Work item –
The answer must be only the lines below from the one holding "NS「清新律动」ins夏季小众设计感珍珠拼蕾丝质感上衣T恤" down to the one holding "Modern Art Abstract", ends included, printed exactly; please omit all pictures.

Listed records –
───

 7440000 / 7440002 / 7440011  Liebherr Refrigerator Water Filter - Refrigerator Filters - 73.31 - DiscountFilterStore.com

───

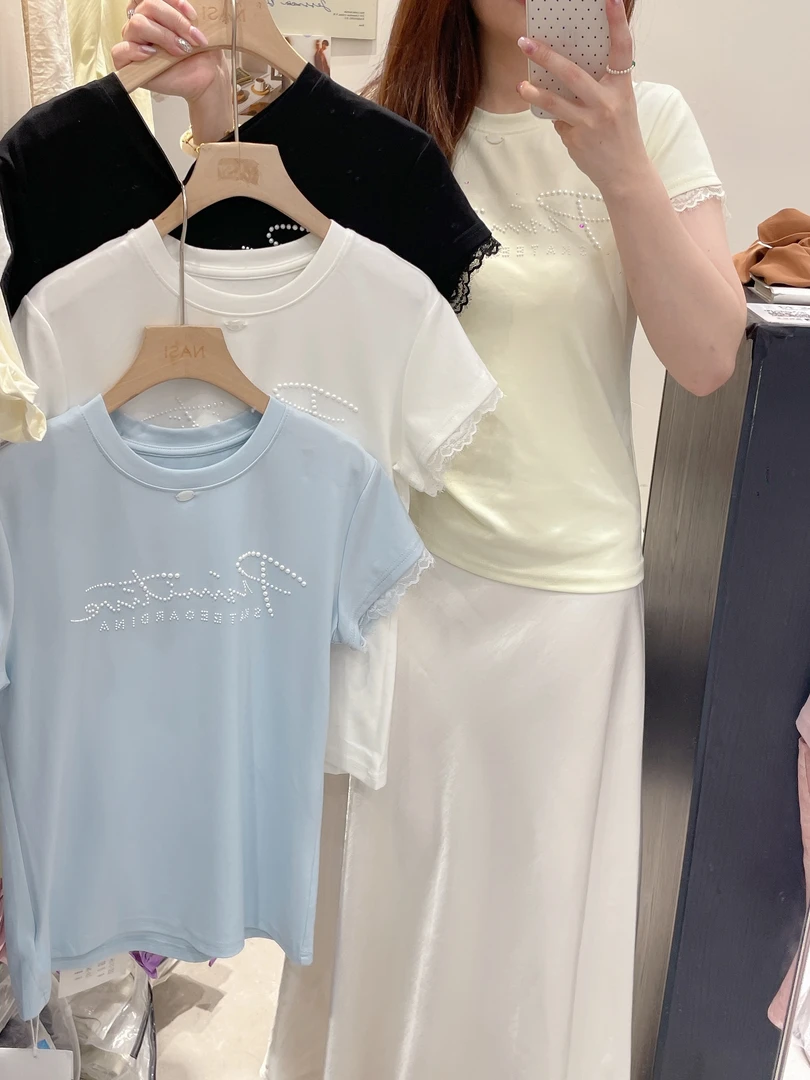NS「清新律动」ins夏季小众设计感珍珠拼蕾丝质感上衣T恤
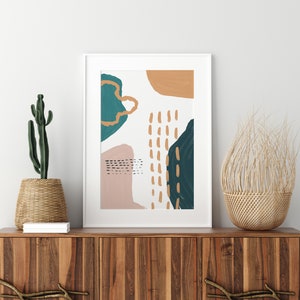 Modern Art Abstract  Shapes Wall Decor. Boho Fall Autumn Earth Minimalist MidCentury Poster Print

───

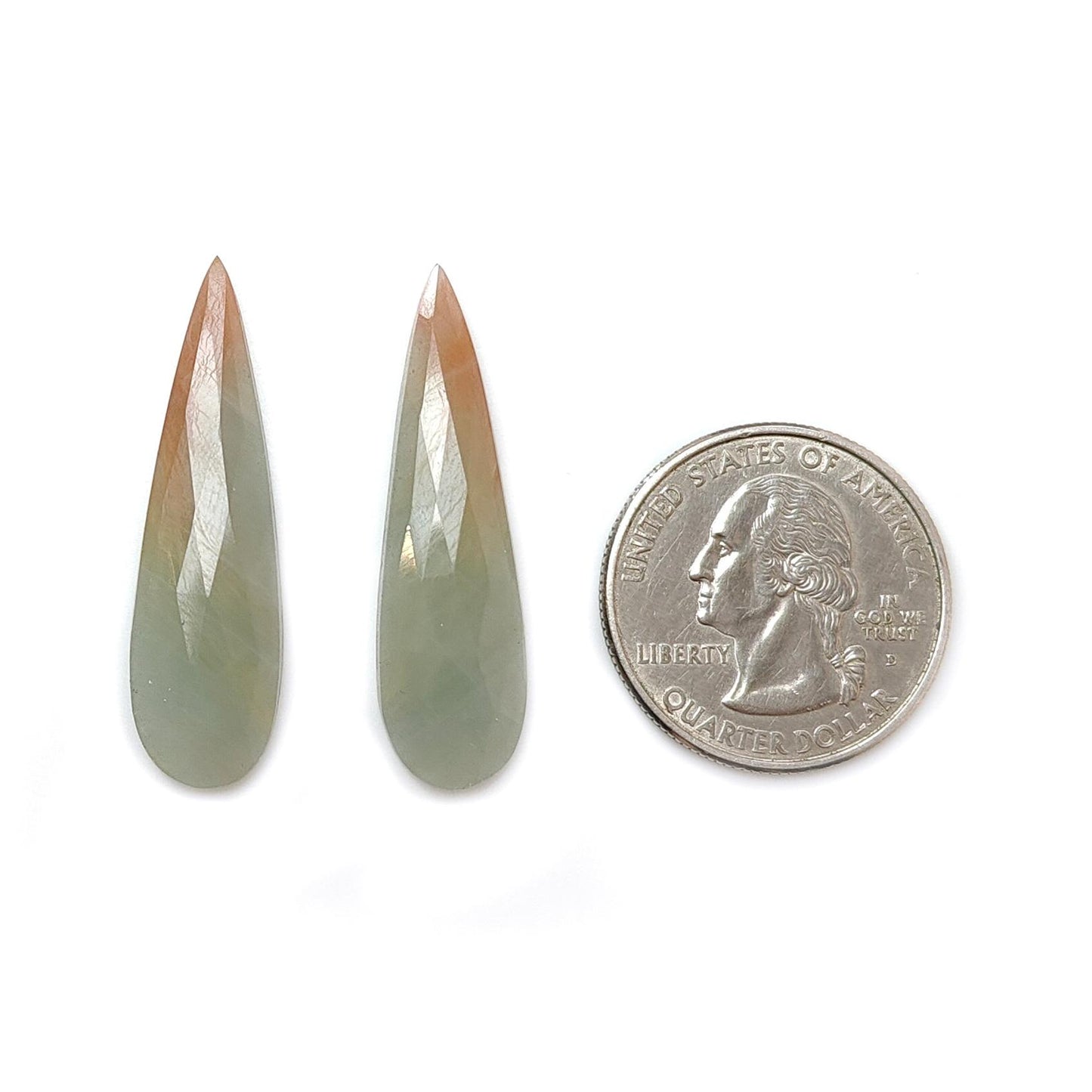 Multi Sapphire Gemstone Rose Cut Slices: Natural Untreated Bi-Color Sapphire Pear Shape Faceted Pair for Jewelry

───

Solution for this problem –
NS「清新律动」ins夏季小众设计感珍珠拼蕾丝质感上衣T恤
 Modern Art Abstract  Shapes Wall Decor. Boho Fall Autumn Earth Minimalist MidCentury Poster Print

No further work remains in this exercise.